Estimates are 166 trees downed around the campsites and parking areas.

A similar windstorm knocked a boatload of beech trees down mainly near the bath house complex and toilets by the parking lot adjacent the swimming beach and along the entrance road to Petes Lake The trees were cut clean of branches and limbs and then the trunks were left in place. Campers were instructed that no firewood could be cut from the downed trunks for their use. I know of several rumors that after the park was closed several individuals came in and cut their winter wood supply from those downed tree trunks....beech makes very good firewood for a woodstove.


----------



## Bucket-Back (Feb 8, 2004)

A link wood be nice for those that have no idea where this is @.


----------



## 6Speed (Mar 8, 2013)

Bucket-Back said:


> A link wood be nice for those that have no idea where this is @.
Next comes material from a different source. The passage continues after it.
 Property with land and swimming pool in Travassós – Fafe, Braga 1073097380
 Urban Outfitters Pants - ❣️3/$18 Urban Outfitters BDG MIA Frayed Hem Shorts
Google is usually a cool place to start!









Pete’S Lake Campground, Hiawatha National Forest - Recreation.gov


Explore Pete’S Lake Campground in Hiawatha National Forest, Michigan with Recreation.gov. Petes Lake Campground, located in the center of Michigan's Hiawatha National Forest, is surrounded by several lakes and offers excellent hiking, biking, fishing




www.recreation.gov


----------



## Cork Dust (Nov 26, 2012)

6Speed said:


> Google is usually a cool place to start!
> 
> 
> 
> ...


Why? The folks who know where it is are the ones who should be informed, the remainder are just potential gawkers.


----------



## 6Speed (Mar 8, 2013)

Cork Dust said:


> Why? The folks who know where it is are the ones who should be informed, the remainder are just potential gawkers.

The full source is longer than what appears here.